### EXERCISE
Wherever a picture appears, skip it and retype the rest of the data exactly.

### GIVEN MATERIAL
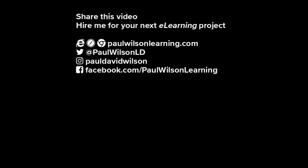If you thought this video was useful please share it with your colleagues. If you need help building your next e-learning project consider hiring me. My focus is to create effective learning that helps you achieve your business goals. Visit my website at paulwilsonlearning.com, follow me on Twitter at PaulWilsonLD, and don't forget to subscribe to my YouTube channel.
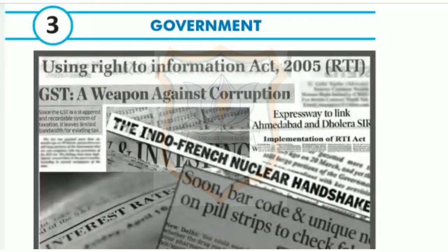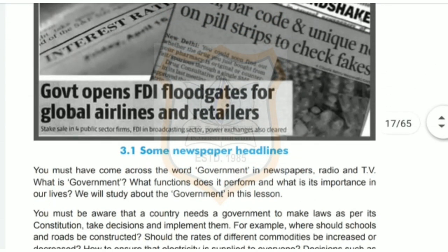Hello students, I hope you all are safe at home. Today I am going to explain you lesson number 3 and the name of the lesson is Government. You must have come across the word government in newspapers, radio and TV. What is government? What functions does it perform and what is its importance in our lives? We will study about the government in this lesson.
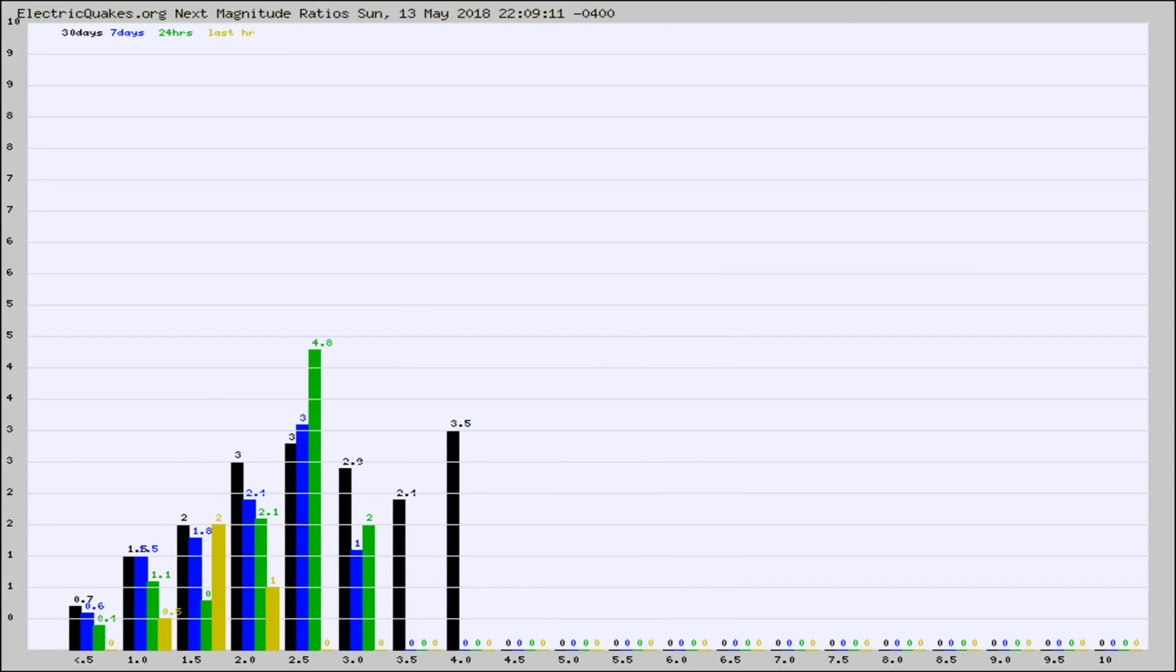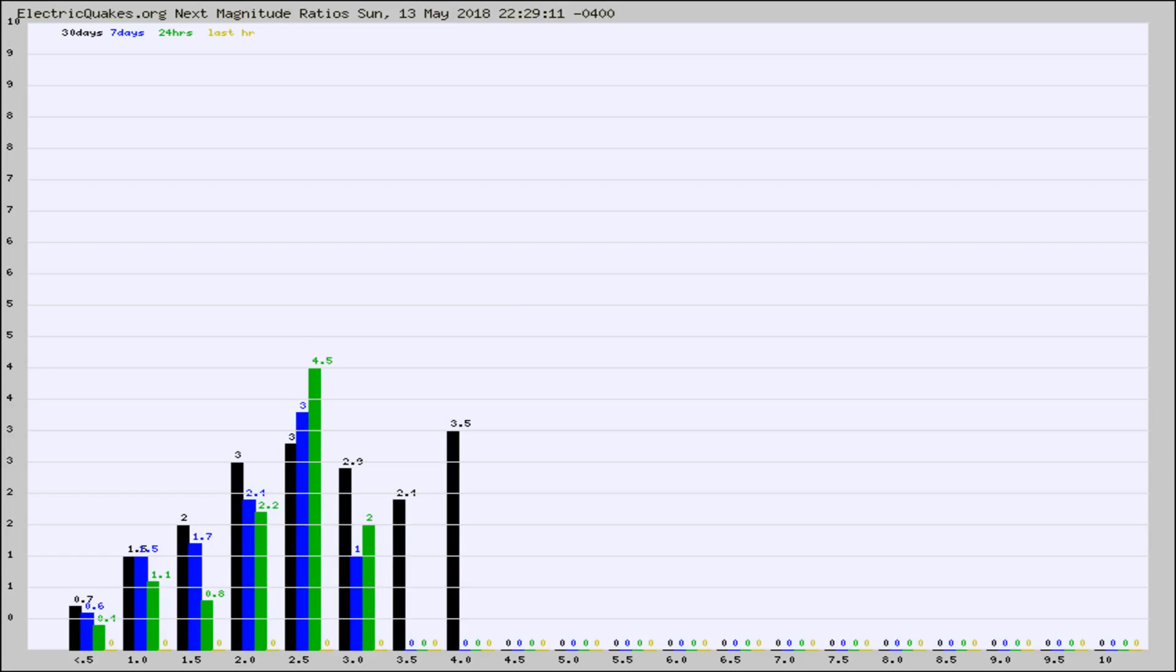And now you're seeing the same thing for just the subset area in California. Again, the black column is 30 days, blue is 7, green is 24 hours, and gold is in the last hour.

### SOLUTION FOR THIS PROBLEM
If you thought this video was useful please share it with your colleagues. If you need help building your next e-learning project consider hiring me. My focus is to create effective learning that helps you achieve your business goals. Visit my website at paulwilsonlearning.com, follow me on Twitter at PaulWilsonLD, and don't forget to subscribe to my YouTube channel.
Hello students, I hope you all are safe at home. Today I am going to explain you lesson number 3 and the name of the lesson is Government. You must have come across the word government in newspapers, radio and TV. What is government? What functions does it perform and what is its importance in our lives? We will study about the government in this lesson.
And now you're seeing the same thing for just the subset area in California. Again, the black column is 30 days, blue is 7, green is 24 hours, and gold is in the last hour.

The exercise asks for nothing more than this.